Editor in Chief: Moh. Reza Huwaida Friday, April 26th, 2019

Afghans Have Spoken: No To Extremism, Yes To Democracy


Afghans Have Spoken: No To Extremism, Yes To Democracy

Heavy rain and repeated threats from the Taliban could not deter the millions of Afghans who flocked to the polling centers on April 5th to claim their right to a democratic future for their country. Amidst the violence that plagued Afghanistan leading up to election day, Taliban largely failed to interrupt the polling, despite their serial threats.

This election was different. The voting public has become educated and more sophisticated in their understanding of the political process, turning their focus on the candidate’s strategies and campaign platforms, rather than the individuals themselves.

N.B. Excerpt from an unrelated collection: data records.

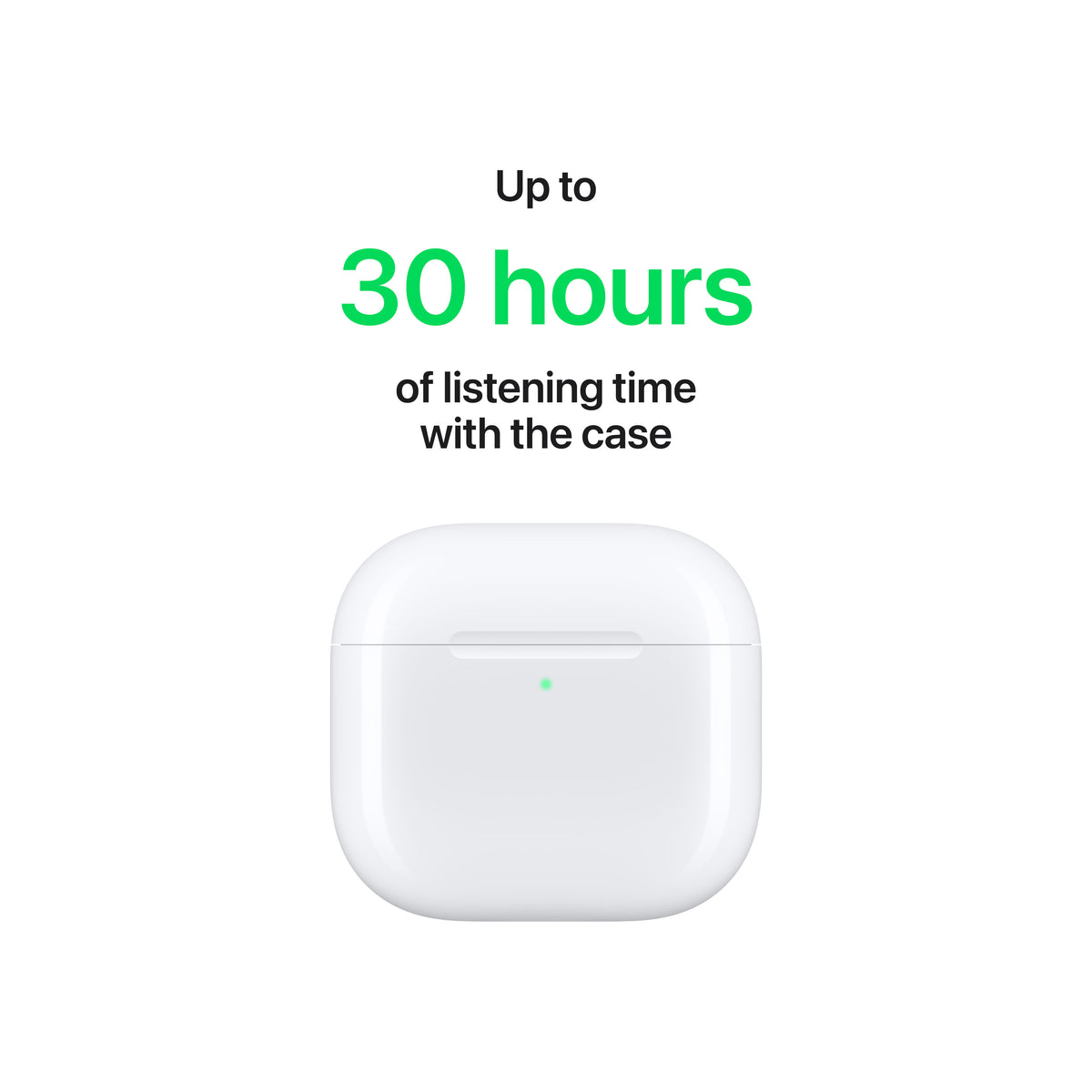 Apple Airpods Pro 4 with Charging Case - White | SKU from Apple - DID Electrical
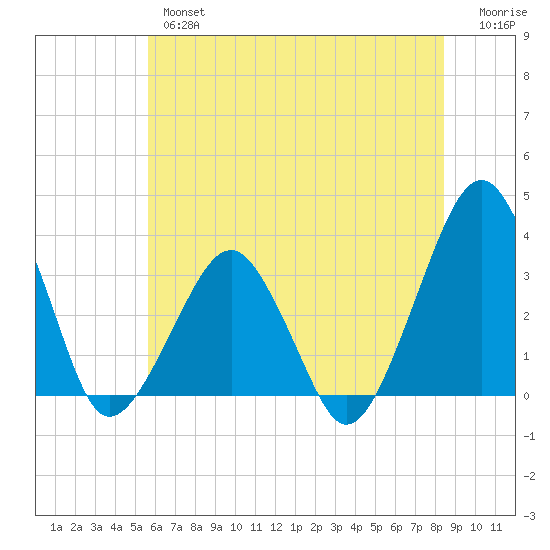 Metompkin Inlet tide chart for Wednesday, June 15, 2022
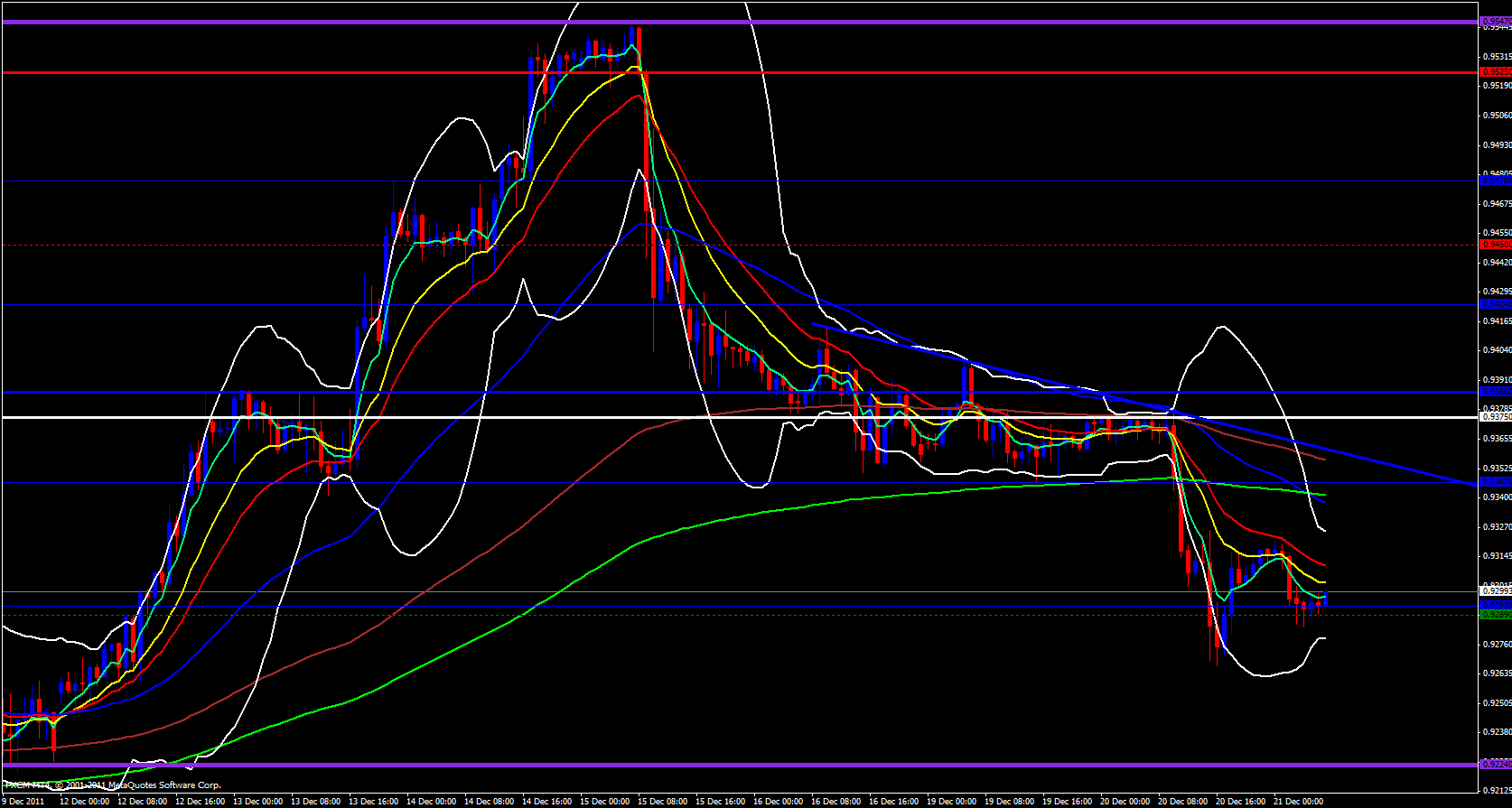 USD/CHF 1 hour 12/21/11 USD/CHF 1 hour 12/21/11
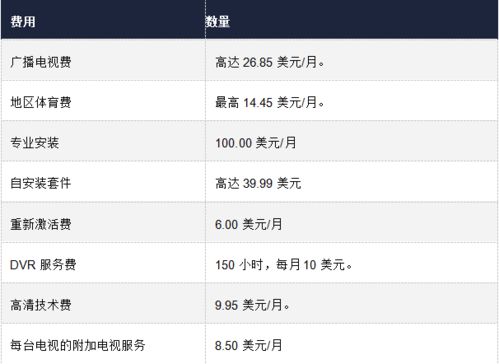 海外流媒體市場變局 BritBox堅守，Viaplay轉型，FCC推動透明化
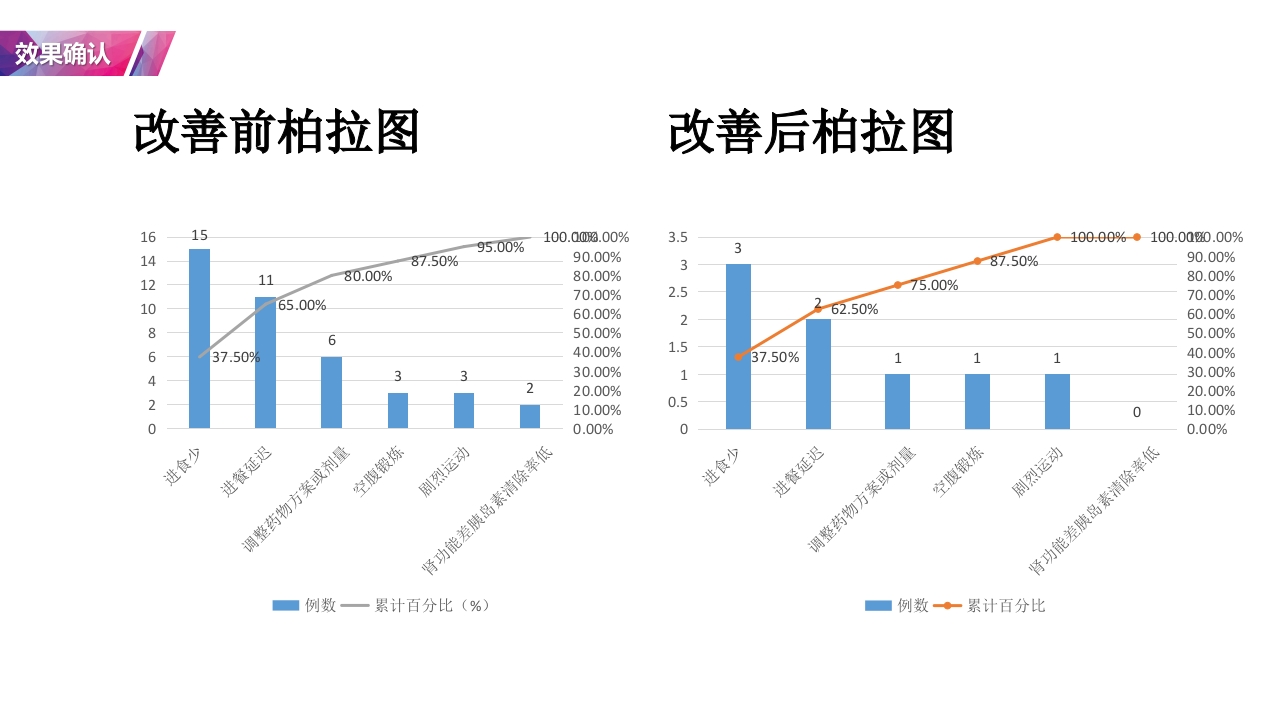 降低住院患者低血糖发生率·品管圈PPT课件31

Massive participation of Afghans in the election guaranteed the endurance of the Islamic Republic of Afghanistan and was a strong response to those who think with violence and destruction they can undermine the Afghan's resolve. It was a strong statement supporting the institutionalization of democracy in the country

The electoral campaigns conducted by the presidential candidates demonstrated their political maturity. During the campaigns, only four out of eight candidates were accused of minor offenses and subsequently fined by the Electoral Complaints Commission.

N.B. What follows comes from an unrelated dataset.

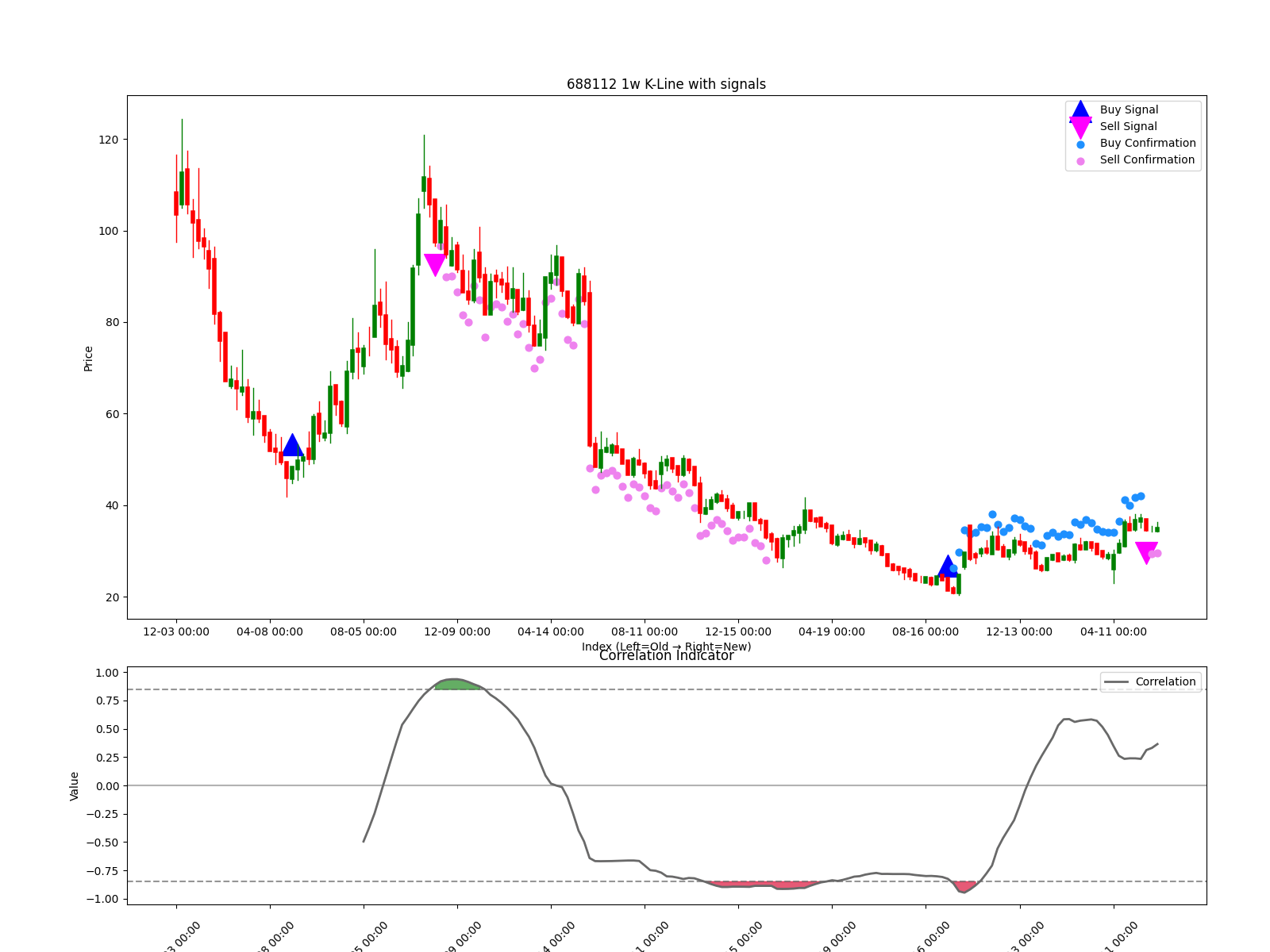 688112 1w chart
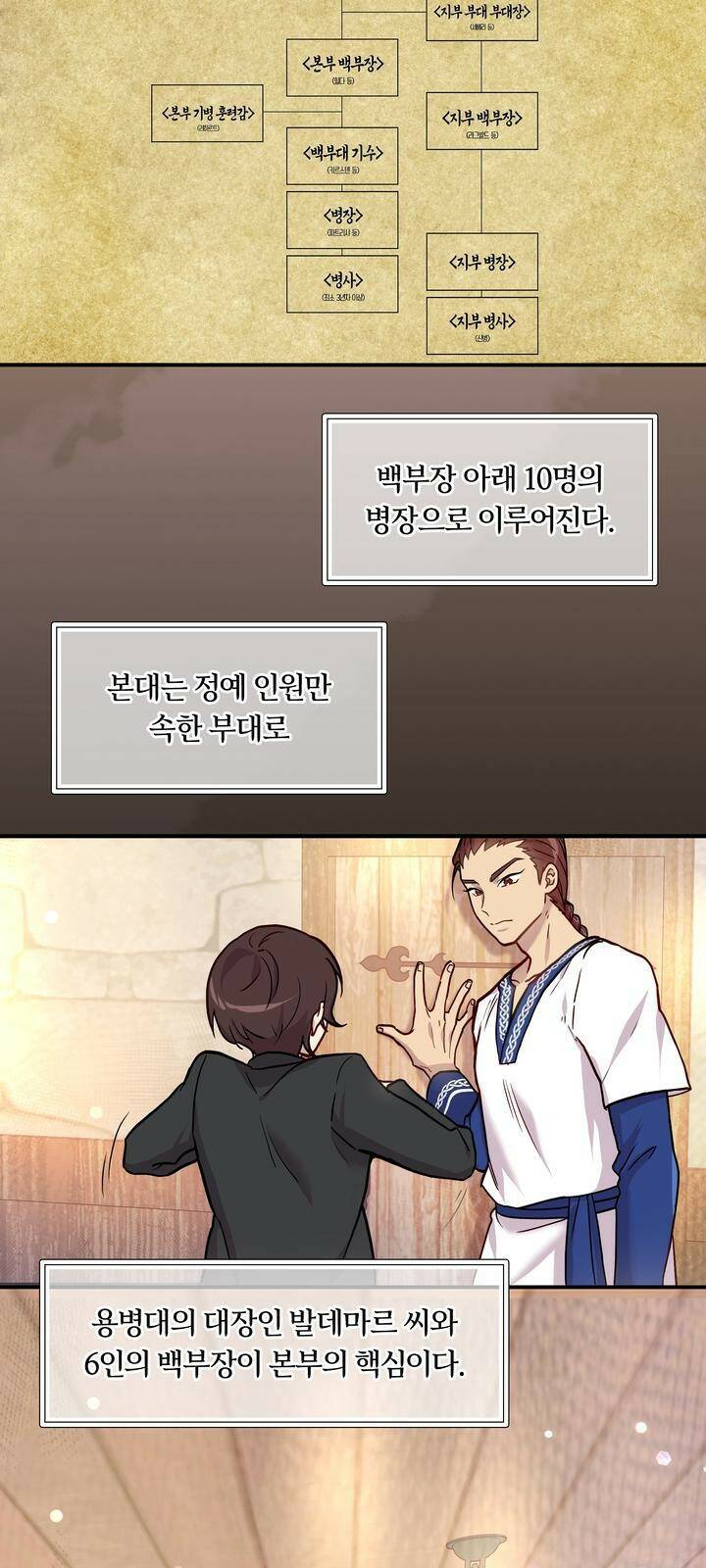 밑빠진 용병대에 돈 붓기 3화 21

This election, unlike previous ones in 2004 and 2009, was Afghan led. Polling was closely monitored by nearly 325,000 observers from 67 Afghan, and 16 international institutions. There were 71 local media, 45 international media, 31 political parties, eight presidential elections candidates and 2,700 provincial council nominees also monitoring that the election was conducted in a free and fair manner.

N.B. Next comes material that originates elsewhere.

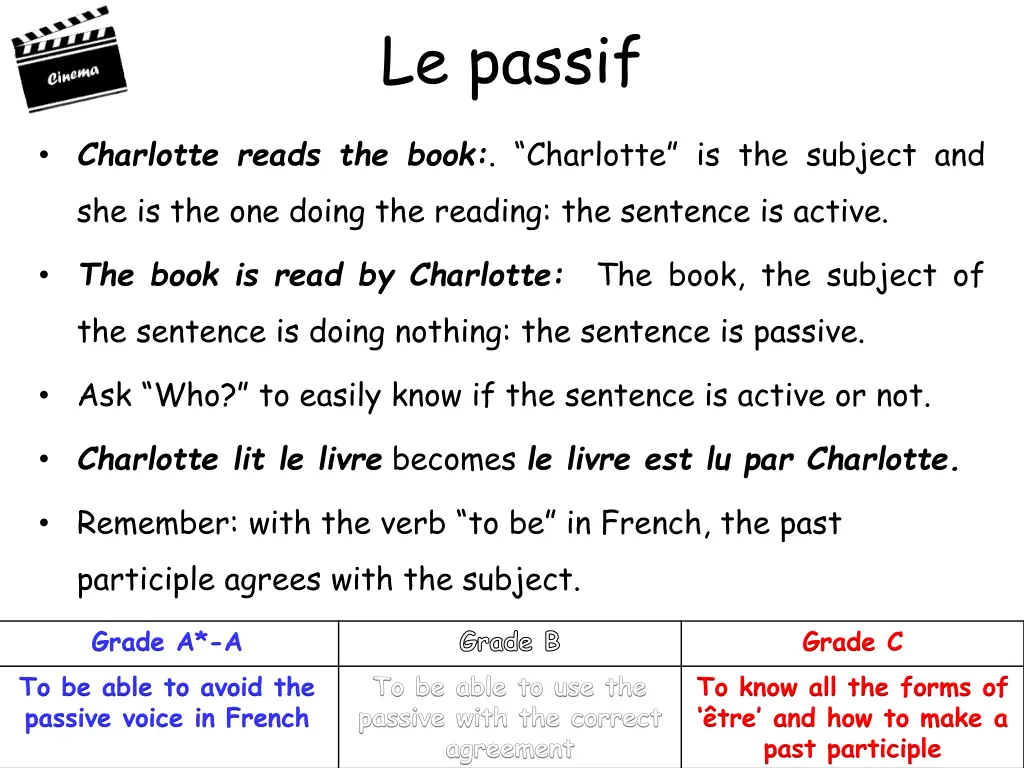 le passif 1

Although this is the third presidential election in Afghanistan, it is the first time that the transfer of power from one president to another takes place via the ballot box. This is a historical achievement for our country which has spent more than three decades in conflict.

While more than 8 million people voted in the 2004 presidential election, the number declined to over 4 million in 2009. In the current elections, more than 3.8 million new voting cards were distributed with over 32% of them issued to women. Voting rate has turned out to be proportional with 36% of the 7 million ballots reportedly cast by women.

This election is not only important for who would become the next president, but also important in terms of institutionalization of political turnover of power through a democratic process. The most significant achievement of Afghanistan since 2001 is the elections and participation of substantial numbers of men and women in this political exercise. One of the pivotal legacies of President Karzai, as the first democratically elected president, is the execution of transparent and fair election in Afghanistan.

This election is a turning point.  A new chapter begins in the political life of the country. Any other means of securing power other than public voting will no longer be valid and acceptable. As an Afghan citizen, I believe while the results of the election are important, it is equally important that the election is completed and has become deeply embedded in the country's political system.

Mass participation of the people in this election, on one hand, has led the newly born democracy of Afghanistan to its right path. On the other hand, it shows our people's trust in the national electoral institutions and security forces. Lastly, it also sends a powerful message to those who are trying to destabilize the country and who believe that with the withdrawal of international forces, the balance of power will be shifted. By casting their votes, Afghans clearly said "No" to extremism and said "Yes" to democracy.